EXERCISE DIRECTIONS
Nothing but the lines from the one containing "Foto del evento" through the final line of the data should be repeated, and each must be exact.

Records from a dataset
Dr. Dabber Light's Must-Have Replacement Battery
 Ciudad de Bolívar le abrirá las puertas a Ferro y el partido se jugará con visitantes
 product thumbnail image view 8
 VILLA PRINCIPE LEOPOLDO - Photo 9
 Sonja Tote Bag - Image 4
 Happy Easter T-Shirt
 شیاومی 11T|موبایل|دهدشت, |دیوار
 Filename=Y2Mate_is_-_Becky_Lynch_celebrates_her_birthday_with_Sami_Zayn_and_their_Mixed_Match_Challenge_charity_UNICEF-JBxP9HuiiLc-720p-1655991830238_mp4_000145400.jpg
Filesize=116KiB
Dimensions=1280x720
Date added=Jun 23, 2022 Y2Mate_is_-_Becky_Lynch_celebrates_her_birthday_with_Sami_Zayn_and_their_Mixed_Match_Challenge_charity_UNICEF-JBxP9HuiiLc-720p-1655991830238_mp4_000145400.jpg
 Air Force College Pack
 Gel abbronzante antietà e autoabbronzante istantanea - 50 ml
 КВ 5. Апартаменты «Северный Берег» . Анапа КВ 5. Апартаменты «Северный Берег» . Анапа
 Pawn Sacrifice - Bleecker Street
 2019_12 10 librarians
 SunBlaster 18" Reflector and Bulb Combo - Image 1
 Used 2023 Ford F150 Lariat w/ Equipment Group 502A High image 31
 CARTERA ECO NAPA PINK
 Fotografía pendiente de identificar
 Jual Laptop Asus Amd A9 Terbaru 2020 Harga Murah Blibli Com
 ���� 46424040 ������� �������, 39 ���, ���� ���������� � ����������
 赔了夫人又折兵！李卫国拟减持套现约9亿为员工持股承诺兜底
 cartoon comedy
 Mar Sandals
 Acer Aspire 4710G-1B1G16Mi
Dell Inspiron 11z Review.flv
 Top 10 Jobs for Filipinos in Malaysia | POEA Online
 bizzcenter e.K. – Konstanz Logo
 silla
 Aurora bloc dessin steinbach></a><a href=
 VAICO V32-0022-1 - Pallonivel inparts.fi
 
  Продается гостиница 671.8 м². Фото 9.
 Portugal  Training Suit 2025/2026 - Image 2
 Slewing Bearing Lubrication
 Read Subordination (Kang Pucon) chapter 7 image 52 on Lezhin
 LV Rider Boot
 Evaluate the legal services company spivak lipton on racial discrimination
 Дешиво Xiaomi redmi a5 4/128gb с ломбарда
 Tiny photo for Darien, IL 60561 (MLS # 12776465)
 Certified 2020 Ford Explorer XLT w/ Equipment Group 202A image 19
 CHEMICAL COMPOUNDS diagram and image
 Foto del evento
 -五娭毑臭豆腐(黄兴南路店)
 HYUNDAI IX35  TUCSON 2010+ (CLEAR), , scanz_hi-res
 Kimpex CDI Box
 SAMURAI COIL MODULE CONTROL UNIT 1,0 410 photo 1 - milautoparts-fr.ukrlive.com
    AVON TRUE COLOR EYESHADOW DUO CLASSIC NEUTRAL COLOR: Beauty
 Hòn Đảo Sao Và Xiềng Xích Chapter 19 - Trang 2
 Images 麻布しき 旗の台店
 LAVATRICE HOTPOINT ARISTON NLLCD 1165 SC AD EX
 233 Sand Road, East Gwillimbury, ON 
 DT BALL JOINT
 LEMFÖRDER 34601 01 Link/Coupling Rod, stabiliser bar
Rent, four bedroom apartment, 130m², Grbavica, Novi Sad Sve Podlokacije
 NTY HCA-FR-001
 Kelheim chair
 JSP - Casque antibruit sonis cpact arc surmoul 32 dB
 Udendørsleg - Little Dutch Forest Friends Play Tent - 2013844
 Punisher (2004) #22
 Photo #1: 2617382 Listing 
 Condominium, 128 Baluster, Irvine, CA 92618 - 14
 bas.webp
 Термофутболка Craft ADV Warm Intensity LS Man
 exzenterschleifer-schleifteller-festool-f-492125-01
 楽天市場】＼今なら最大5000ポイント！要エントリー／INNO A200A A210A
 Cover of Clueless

EXERCISE RESPONSE
 Foto del evento
 -五娭毑臭豆腐(黄兴南路店)
 HYUNDAI IX35  TUCSON 2010+ (CLEAR), , scanz_hi-res
 Kimpex CDI Box
 SAMURAI COIL MODULE CONTROL UNIT 1,0 410 photo 1 - milautoparts-fr.ukrlive.com
    AVON TRUE COLOR EYESHADOW DUO CLASSIC NEUTRAL COLOR: Beauty
 Hòn Đảo Sao Và Xiềng Xích Chapter 19 - Trang 2
 Images 麻布しき 旗の台店
 LAVATRICE HOTPOINT ARISTON NLLCD 1165 SC AD EX
 233 Sand Road, East Gwillimbury, ON 
 DT BALL JOINT
 LEMFÖRDER 34601 01 Link/Coupling Rod, stabiliser bar
Rent, four bedroom apartment, 130m², Grbavica, Novi Sad Sve Podlokacije
 NTY HCA-FR-001
 Kelheim chair
 JSP - Casque antibruit sonis cpact arc surmoul 32 dB
 Udendørsleg - Little Dutch Forest Friends Play Tent - 2013844
 Punisher (2004) #22
 Photo #1: 2617382 Listing 
 Condominium, 128 Baluster, Irvine, CA 92618 - 14
 bas.webp
 Термофутболка Craft ADV Warm Intensity LS Man
 exzenterschleifer-schleifteller-festool-f-492125-01
 楽天市場】＼今なら最大5000ポイント！要エントリー／INNO A200A A210A
 Cover of Clueless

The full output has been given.